Hi,
I would like to do a cluster assignment. The amount of units within each cluster varry. In the baseline data here is hardly any correlation of variables (including the DV) within clusters to be found. So for the final analysis I will probably be able to ignore clusters. Clusters are only necessary out of practical reasons to distribute the intervention.
I would therefore like to have an equal amount of units (at least as much as possible) within each condition. How can I do a complete random assignment at the unit level. As far as I understand it cluster_ra() can only do so at the cluster level.

Best,

Sascha

I think this is a cluster variant on the long-standing load balancing ticket - it might be worth revisiting at some point.

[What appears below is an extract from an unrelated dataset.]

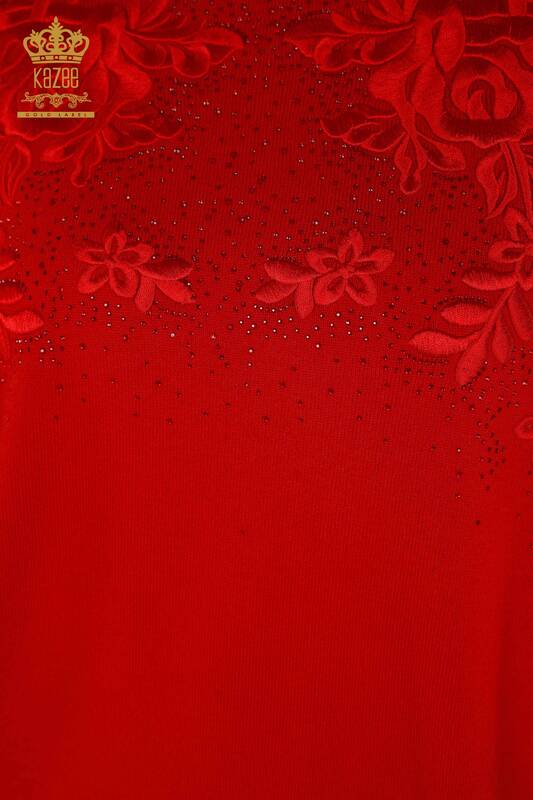 Venta al por mayor Suéter de Punto para Mujer Rojo con Bordado de Piedras - 16799 | KAZEE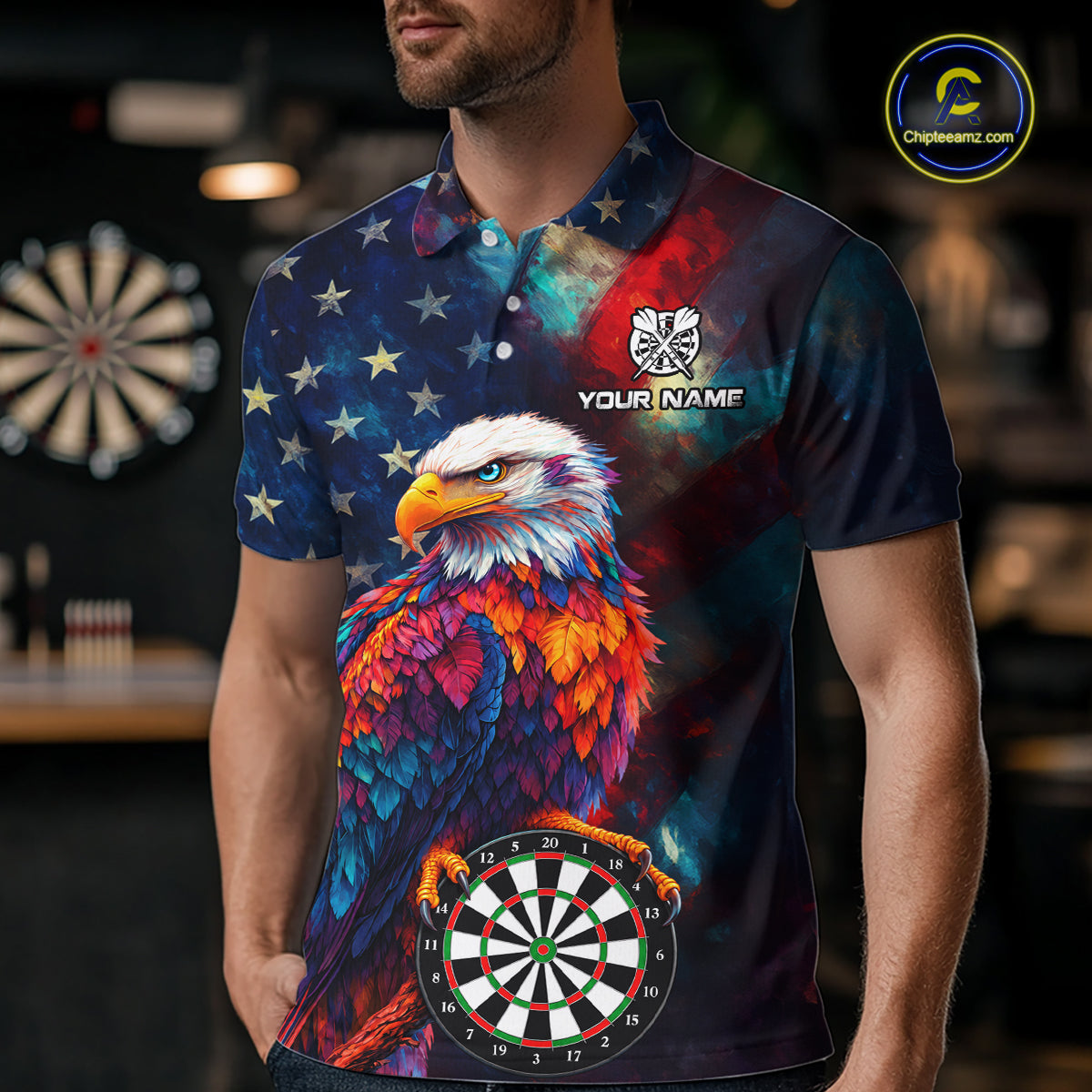 Personalized Eagle Colorful Darts Shirts For Men Custom American Flag Patriotic Darts Team Jersey TDM7619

@colonus - to the extent that the clustering is a nuisance anyway, the easiest thing to do for now is generate a set of assignments by cluster, and reject any where the balance is out of whack - you shouldn’t need to reweight your analysis in that case. Other strategies could include a non-randomized assignment strategy that optimizes for balance, or a sequential design that dynamically preserves balance based on previous assignments and cluster size.

Am I right in thinking that you want to do a cluster assignment such that the total number of treated units says close to fixed?

@nfultz’s approach will work, though perhaps an easier way would be to do a block-and-cluster random assignment ?randomizr::block_and_cluster_ra, where you block on cluster size (https://gking.harvard.edu/files/cluster.pdf) or a combination of cluster size and cluster characteristics

I went with something like @nflutz approach, which worked quite well. I rerun the assignment 10k times, calculating the SD over assigned units per group and then selected the assignment with the smallest SD.

I’ll just mention that the procedure you describe (selecting the “best” random assignment from the set of 10,000) is not actually random! consider blocking or establishing an “acceptable” threshold, then choosing a random one of the acceptable assignments. From this, you can also calculate the probabilities of assignment, which this restricted procedure might cause to be different for different units.